==== Records

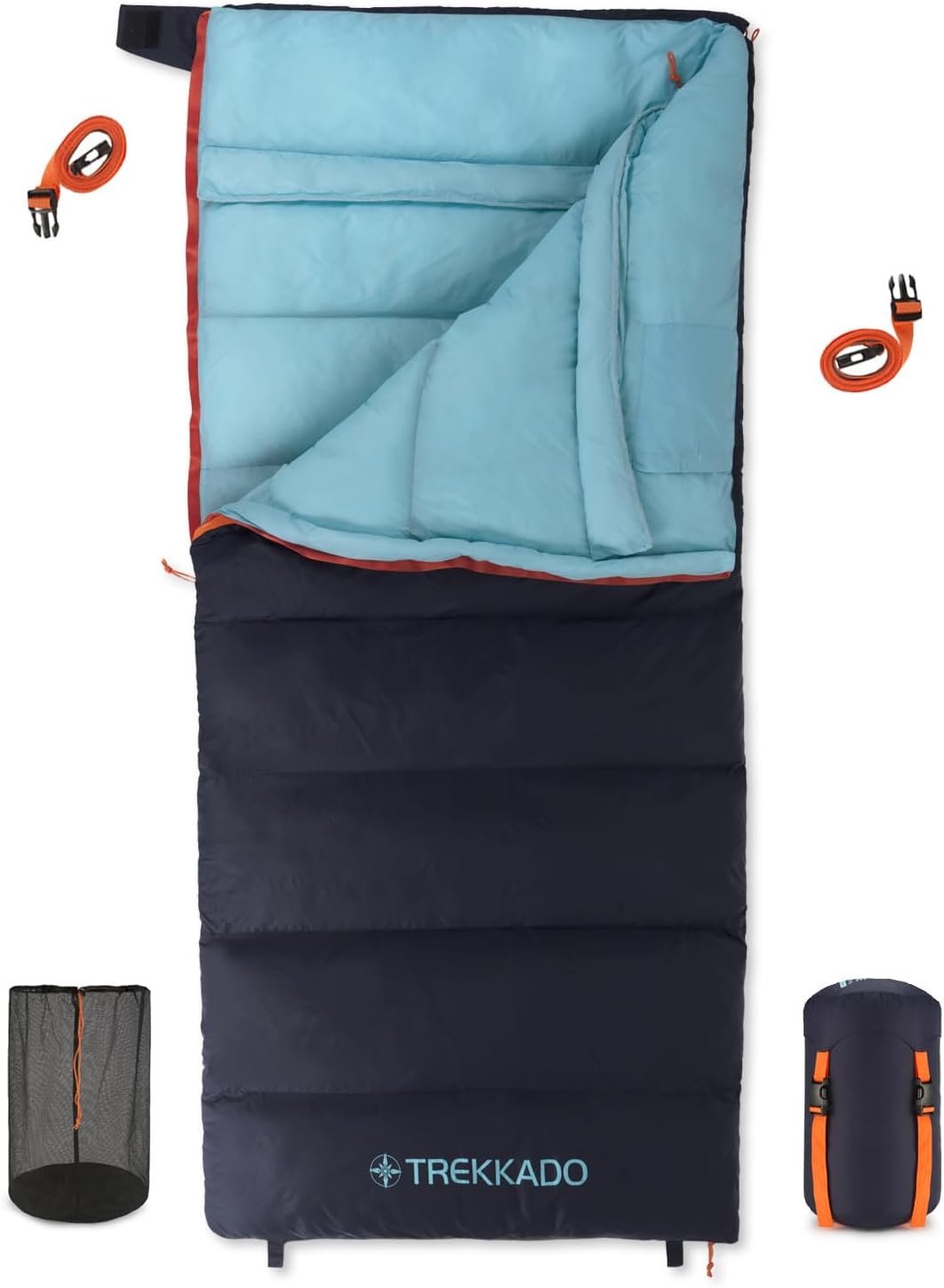 DuraHike Lightweight Camping Sleeping Bag for Adults — Roomy Rectangular Comfort, Secure Pad Attachment, Compact & Easy to Pack, 10°C / 50°F Comfort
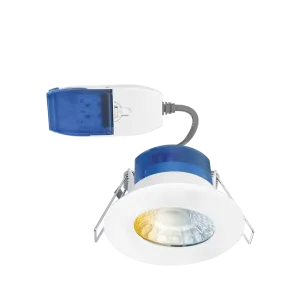 Aurora AU-R6CSFF 220-240V 6W 640lm IP65 Fixed Dimmable 3 Colour Switchable Led Integrated Fire & Acoustic Rated Downlight White Bezel Fast Fix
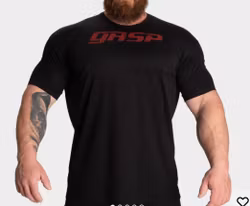 GASP - Legacy Gym Tee, Black/red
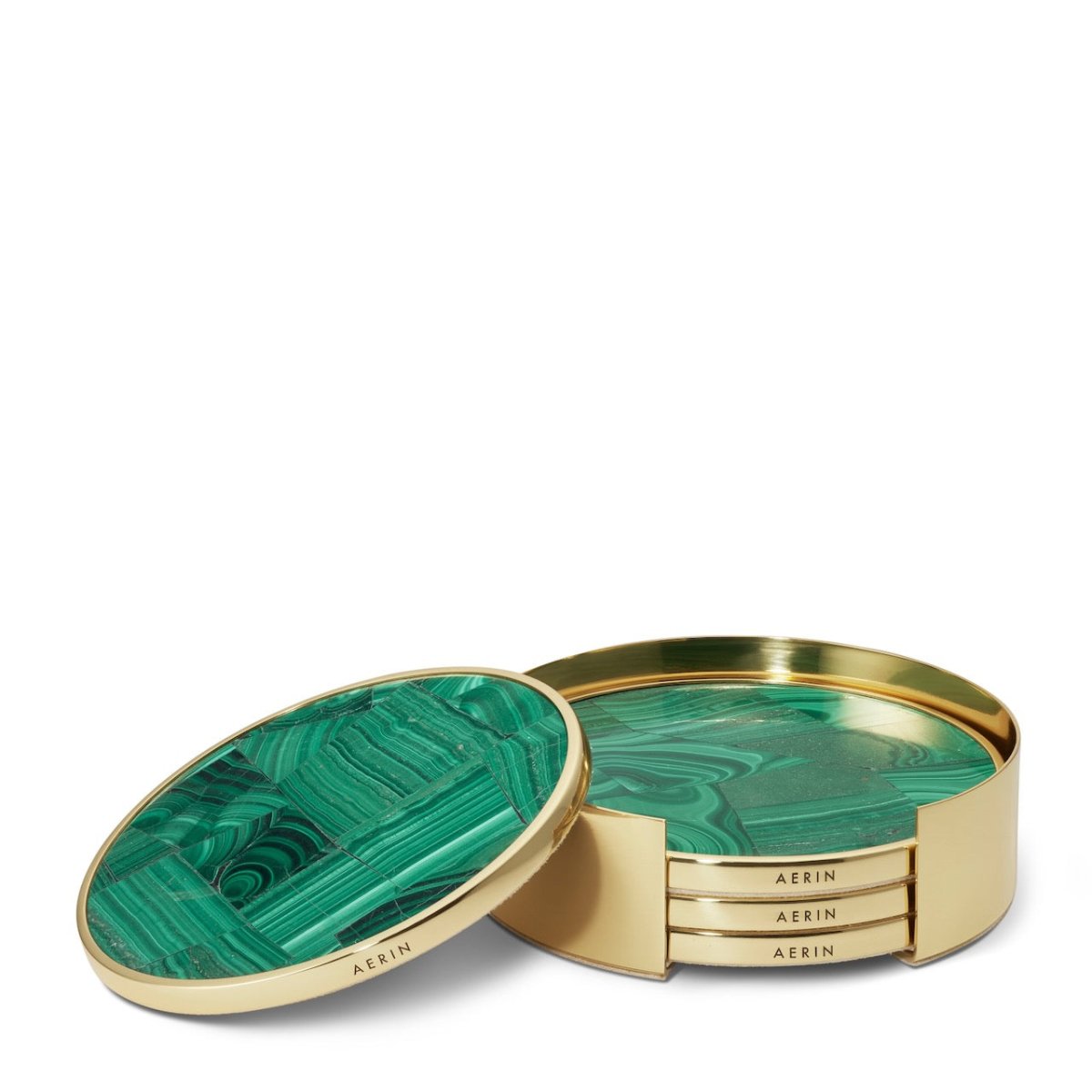 Lucas Malachite Mosaic Coaster Set of 4 by AERIN at Fig Linens and Home 1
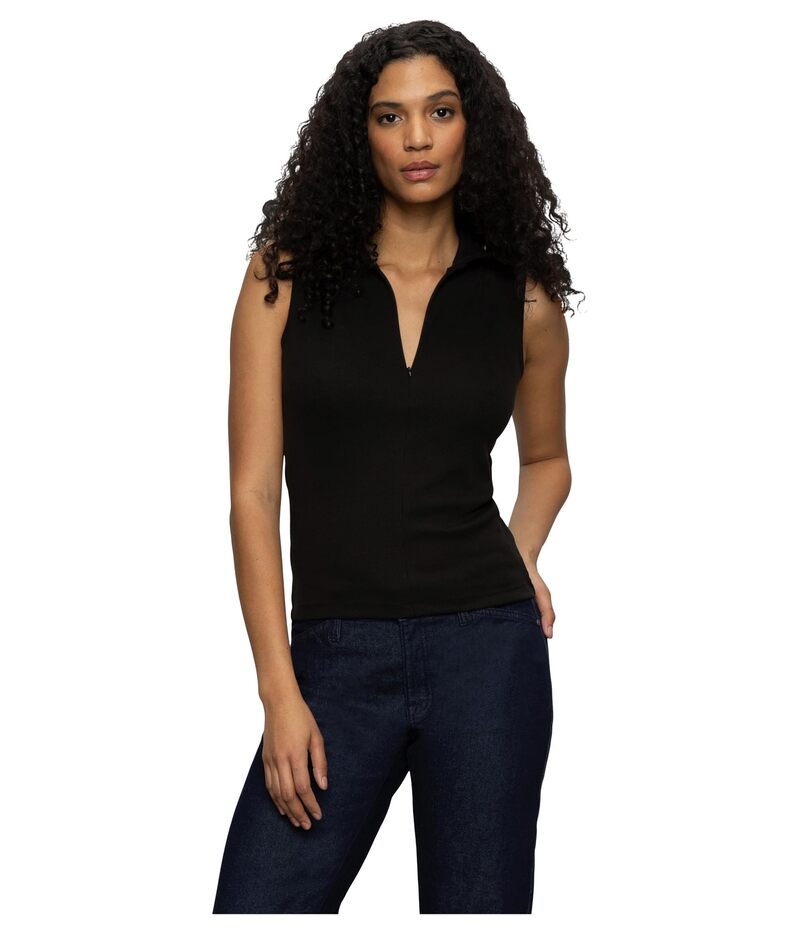サンクチュアリー レディース トップス シャツ ノースリーブ Sanctuary Sleeveless Zip Mock Black ブラック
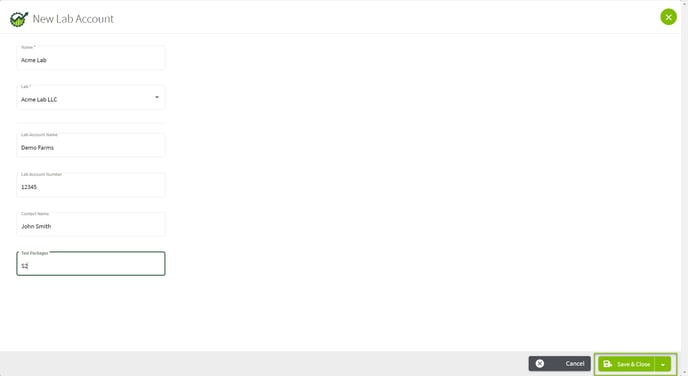 New Account Filled Out and Save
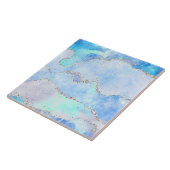 マーブルパインスパイアステルブルーシルバータイル タイル (側面)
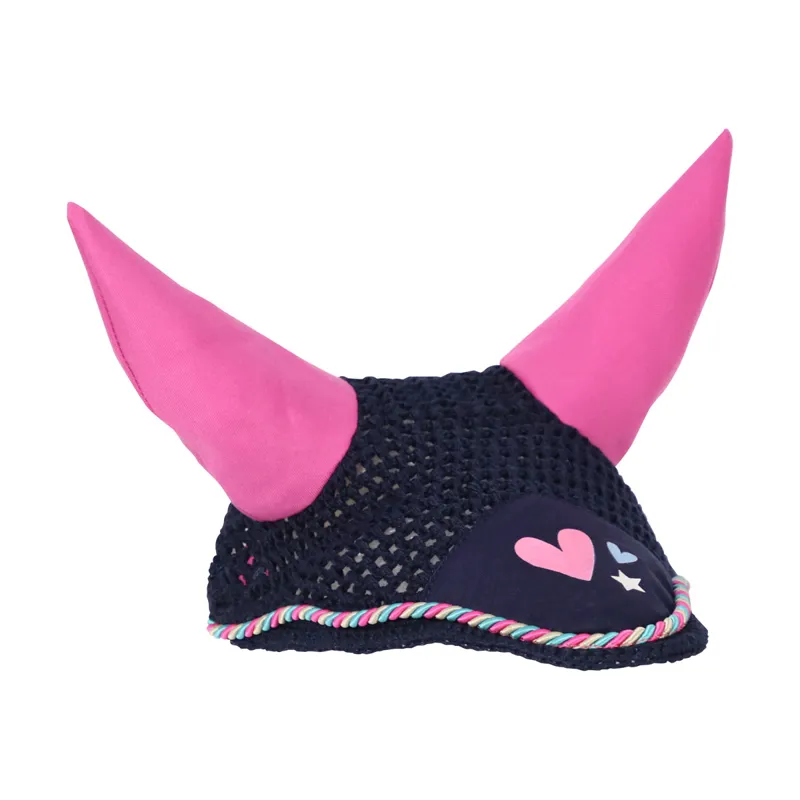 I Love My Pony Collection Fly Veil By Little Rider - Navy/Pink
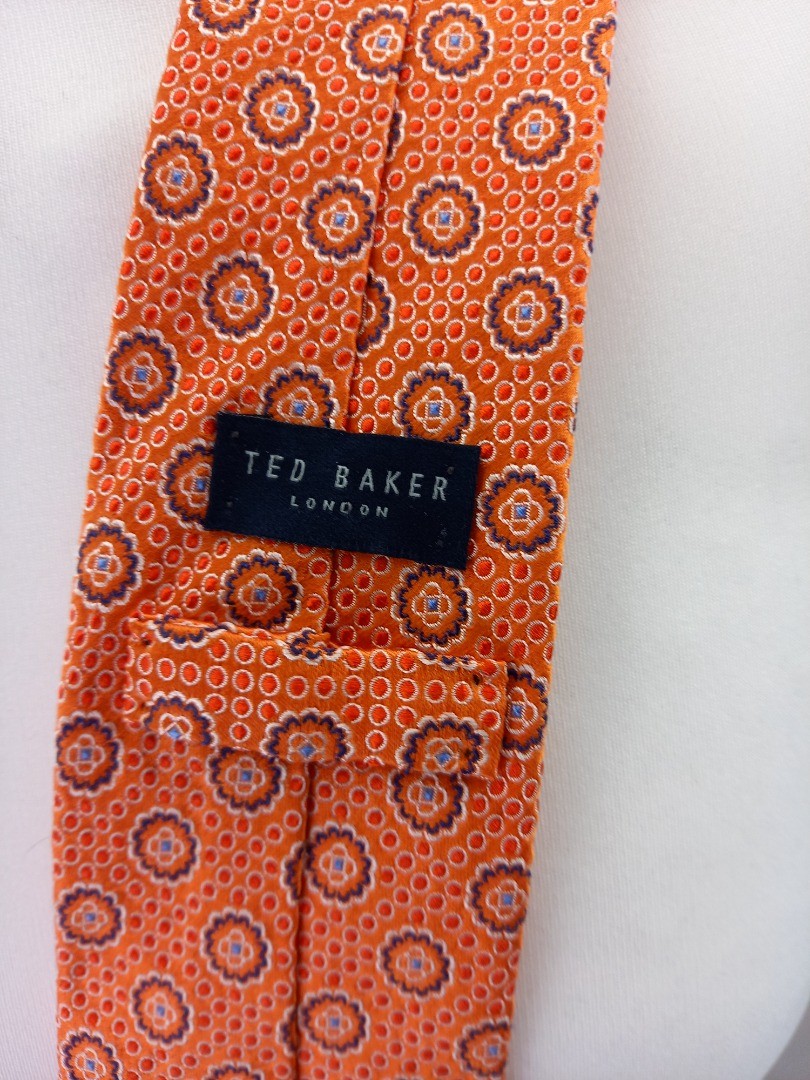 Ted Baker Orange & Navy 100% Silk Tie Excellent Condition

========

## Activity
Copy out the lines exactly as written, beginning with the one that contains "New Account Filled Out and Save" and ending with the last line of the material; do not include pictures.

## Solution to this problem
 New Account Filled Out and Save
 マーブルパインスパイアステルブルーシルバータイル タイル (側面)
 I Love My Pony Collection Fly Veil By Little Rider - Navy/Pink
 Ted Baker Orange & Navy 100% Silk Tie Excellent Condition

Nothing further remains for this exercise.